The major part of big data is unstructured data. When an organization wants to leverage its data or external information from social media with the goal to make better business decisions, a challenge is to retrieve important information from unstructured text documents written in natural language. The main goal of techniques from natural language processing (NLP) is to turn text into structured data that can be used for further analysis.
A particular example of NLP are probabilistic topic models that seek to discover common topics in a collection of documents. Unsupervised machine learning algorithms have been developed to find such topics, which can be used for organizing and managing the collection of documents. Topic models allow to address interesting data science related questions concerning, for instance, recommendations: “What articles are most relevant for a certain topic?”, and clustering: “What are newly published articles discussing and how similar are two articles?”. The derived topics can also be viewed as a dimensionality reduction and can be used as features for subsequent machine learning tasks (feature engineering).
In this article, we present results from a topic modeling in the codecentric blog.
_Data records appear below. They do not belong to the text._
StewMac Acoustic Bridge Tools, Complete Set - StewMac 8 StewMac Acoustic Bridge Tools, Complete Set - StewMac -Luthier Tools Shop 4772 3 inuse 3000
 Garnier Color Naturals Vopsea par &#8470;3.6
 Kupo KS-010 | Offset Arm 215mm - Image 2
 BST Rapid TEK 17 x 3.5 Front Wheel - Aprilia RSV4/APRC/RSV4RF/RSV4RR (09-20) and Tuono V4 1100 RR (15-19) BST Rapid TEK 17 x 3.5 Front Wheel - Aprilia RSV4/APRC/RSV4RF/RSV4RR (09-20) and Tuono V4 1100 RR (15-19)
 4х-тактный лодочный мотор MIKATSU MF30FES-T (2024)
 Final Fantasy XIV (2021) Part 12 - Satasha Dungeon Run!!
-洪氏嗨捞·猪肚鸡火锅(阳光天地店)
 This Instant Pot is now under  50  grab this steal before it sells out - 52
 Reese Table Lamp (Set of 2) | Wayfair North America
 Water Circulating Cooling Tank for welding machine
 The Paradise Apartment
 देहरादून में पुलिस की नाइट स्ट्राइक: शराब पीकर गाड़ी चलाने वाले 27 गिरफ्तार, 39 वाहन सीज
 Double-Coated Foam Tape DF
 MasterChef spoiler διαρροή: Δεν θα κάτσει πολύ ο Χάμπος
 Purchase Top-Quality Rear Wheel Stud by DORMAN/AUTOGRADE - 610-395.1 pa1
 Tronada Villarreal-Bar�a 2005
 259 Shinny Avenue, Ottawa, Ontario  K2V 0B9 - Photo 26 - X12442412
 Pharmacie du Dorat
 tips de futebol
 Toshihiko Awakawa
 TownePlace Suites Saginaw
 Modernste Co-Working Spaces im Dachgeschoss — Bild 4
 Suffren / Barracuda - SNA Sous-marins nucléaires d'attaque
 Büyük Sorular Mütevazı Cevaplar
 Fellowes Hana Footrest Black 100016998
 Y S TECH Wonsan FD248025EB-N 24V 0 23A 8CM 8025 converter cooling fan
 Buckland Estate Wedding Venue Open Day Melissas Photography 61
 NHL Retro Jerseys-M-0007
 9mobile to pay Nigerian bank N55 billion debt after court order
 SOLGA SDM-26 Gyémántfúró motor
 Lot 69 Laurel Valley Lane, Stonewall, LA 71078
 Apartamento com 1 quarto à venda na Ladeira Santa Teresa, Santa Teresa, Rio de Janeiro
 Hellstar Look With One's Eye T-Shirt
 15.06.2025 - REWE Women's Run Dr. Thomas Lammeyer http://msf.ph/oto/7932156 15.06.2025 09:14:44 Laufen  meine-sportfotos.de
The topics are used to analyze the blog content and how it changes over time. Of course one could argue that authors usually assign their blog posts to a category and might use additional tags that give hints about its content. When no such labels are available in a very large collection of documents or if one wants to obtain a more objective clustering, topic modeling is an appropriate tool.
We perform the analysis using Apache Spark with its Python API in a Jupyter Notebook, which you may download here. Spark allows us to build a scalable machine learning (ML) pipeline containing latent Dirichlet allocation (LDA) topic modeling from its machine learning library (MLlib). A small Spark cluster can be easily set up, as described in this post. Another advantage in using Spark is that the developed prototypes of a data product can be easily translated to a production environment.
This post is organized in five sections:
LDA Topic Model
Model Training and Evaluation
Summary and Conclusion
The first three rather technical sections describe some theoretical concepts of LDA topic modeling as well as the implementation of data preprocessing and model training. Some readers might want to directly jump to the Results section.
LDA Topic Model
In natural language processing, a probabilistic topic model describes the semantic structure of a collection of documents, the so-called corpus. Latent Dirichlet allocation (LDA) is one of the most popular and successful models to discover common topics as a hidden structure of the collection of documents. According to the LDA model, text documents are represented by mixtures of topics. This means that a document concerns one or multiple topics in different proportions. A topic can be viewed as a cluster of similar words. More formally, the model assumes each topic to be characterized by a distribution over a fixed vocabulary, and each text document to be generated by a distribution of topics.
The basic assumption of LDA is that the documents have been generated in a two-step random process rather than having been written by a human. The generative process for a document consisting of N words is as follows. The most important model parameter is the number of topics k that has to be chosen in advance. In the first step, the mixture of topics is generated according to a Dirichlet distribution of k topics. Second, from the previously determined topic distribution, a topic is randomly chosen, which then generates a word from its distribution over the vocabulary. The second step is repeated for the N words of the document. Note that LDA is a bag-of-words model and the order of words appearing in the text as well as the order of the documents in the collection is neglected.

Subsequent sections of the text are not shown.